L’avarizia “confonde” la povertà, come risulta anche dalla preghiera di S. Francesco “Saluto alle virtù”, significa attaccamento al possesso delle ricchezze terrestri, dimenticando che: “Avere ed amare le ricchezze è sterilità; amarle e non averle è pericolo; averle e non amarle è difficile. E perciò è utile, sicuro, dilettevole ed atto di virtù perfetta, non averle e non amarle” (ibidem, III, 8).
Cristo capovolge la mentalità del voler possedere i beni terrestri e al tentatore che nel deserto gli dice: “Tutte queste cose io ti darò, se, prostrandoti, mi adorerai” (Mt 4,9), egli risponde: “Adora il Signore Dio tuo e a lui solo rendi culto” (Mt 4,10).

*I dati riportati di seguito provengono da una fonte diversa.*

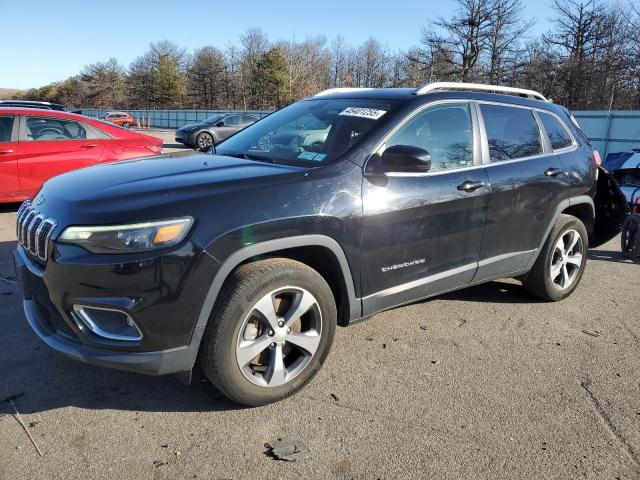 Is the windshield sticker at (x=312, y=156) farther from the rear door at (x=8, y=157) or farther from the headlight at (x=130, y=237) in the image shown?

Cristo non aveva dove posare il capo, “fu spogliato e privato di tutte le cose che aveva; spogliato delle vesti… del corpo e dell’anima… della gloria divina” (S. Bonaventura, ibidem, III, 4). Sul suo esempio i suoi discepoli non dovevano possedere nulla nell’annunciare questa povertà, come verifica della verità del loro annuncio e perché la sete di Dio non venisse saziata dal possesso della terra.
La perfetta letizia di S. Francesco, pur non togliendo alla povertà la ruvidezza e le difficoltà che l’accompagnano, rende credibile agli uomini il valore salvifico, redentivo della povertà, attuato nella vita di Cristo e annunciato nel suo messaggio di salvezza.